De la noche a la mañana, todo París quiso ser fotografiado por Nadar, pero él tenía otros planes: El Gigante estaba listo. De sus primeros vuelos volvió con fotos aéreas de la ciudad en las que se veían tan nítidamente los techos y los cruces de esquinas como las caras de los transeúntes por la calle mirando hacia el cielo. Pero lo que Nadar quería era volar más alto y más lejos que nadie, y anunció que El Gigante volaría hasta Moscú. Alcanzó a llegar hasta Hannover. Igual un record, pero el aterrizaje fue no sólo forzoso sino casi fatal también: una locomotora terminó cortando las cuerdas y desgarrando la seda del Gigante, la hermosa casilla de mimbre de dos pisos quedó destrozada, los pasajeros saltaron antes y se salvaron por un pelo, Nadar se quebró un brazo y su esposa Ernestine se rompió la clavícula y las dos piernas y quedó traumada de por vida: no podía ni mirar hacia el cielo cuando la sacaban al jardín.

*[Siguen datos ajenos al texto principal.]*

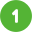 number 1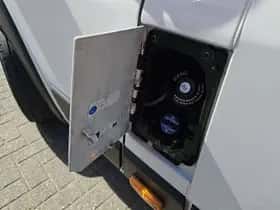 Fiat Ducato (2022) thumbnail 15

Para evitar la quiebra, Nadar debió volver a su estudio y satisfacer el clamor del tout París por ser fotografiado. Encaró el asunto operativamente: la fachada de su nuevo estudio (de tres pisos de altura) era toda de vidrio y en letras rojas alumbradas a gas hizo poner su nombre. Nadar era un gigante de melena y bigote pelirrojo: cuando se paseaba por el estudio vestía siempre una bata bermellón y los pocos muebles y objetos que había desparramados por ahí eran todos rojos. Los clientes lo miraban pasar arrobados. Pero de las fotos se encargaba el personal; él retrataba sólo a sus amigos (el Atelier Nadar dejó 450 mil placas fotográficas cuando cerró; sólo cinco mil eran obra de Nadar: sus cinco mil amigos, de Sarah Bernhardt a Bakunin, pasando por Monet, Turgueniev, Rossini y Liszt). Nunca pudo reconstruir El Gigante, sólo voló en globos ajenos hasta que dejó de volar, y entonces se sentó a escribir las Memorias de El Gigante y El derecho a volar. Pero antes se dio el gusto de contrabandear por aire un manuscrito de Victor Hugo y burlar por la misma vía el sitio de las tropas prusianas a París para fotografiar desde el aire las falencias de sus filas.
En su atelier se hizo la legendaria primera muestra de los impresionistas en 1874 (según el diario de los hermanos Goncourt, hasta Madame Nadar estuvo allí, “envuelta en un chal celeste que el marido le acomodaba con cuidado de tanto en tanto”). En su atelier descubrió, una noche de 1910, cuando tenía ya noventa años, que había sobrevivido a todos sus amigos y enemigos. Había abierto un baúl donde encontró su archivo y se puso a mirar las fotos y les fue escribiendo a mano en el reverso, con pulso tembloroso, el nombre a cada uno, para que el mundo los recordara, y luego procedió a soltarlos uno a uno por la borda, para ver si flotaban hacia arriba o hacia abajo, mientras su globo se perdía en el cielo.